↓↓↓
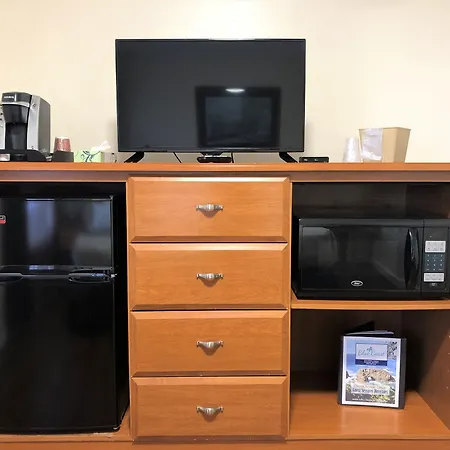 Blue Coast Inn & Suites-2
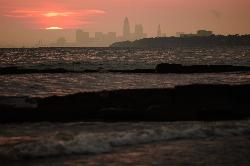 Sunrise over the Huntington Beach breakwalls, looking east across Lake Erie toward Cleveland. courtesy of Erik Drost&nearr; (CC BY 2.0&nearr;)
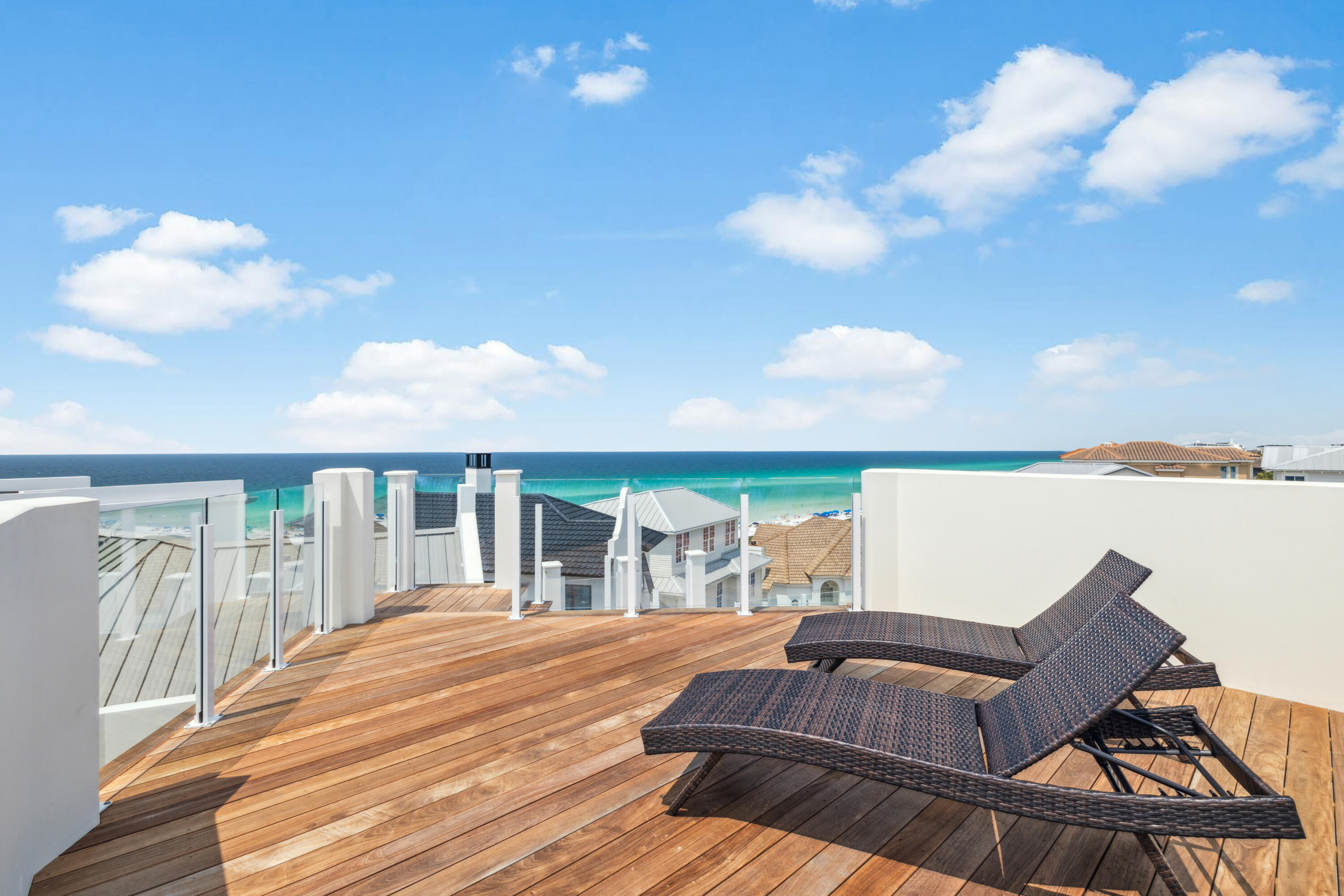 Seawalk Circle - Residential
↑↑↑
Task directions:
Reproduce the whole listing above word for word, dropping each image.

The answer:
 Blue Coast Inn & Suites-2
 Sunrise over the Huntington Beach breakwalls, looking east across Lake Erie toward Cleveland. courtesy of Erik Drost&nearr; (CC BY 2.0&nearr;)
 Seawalk Circle - Residential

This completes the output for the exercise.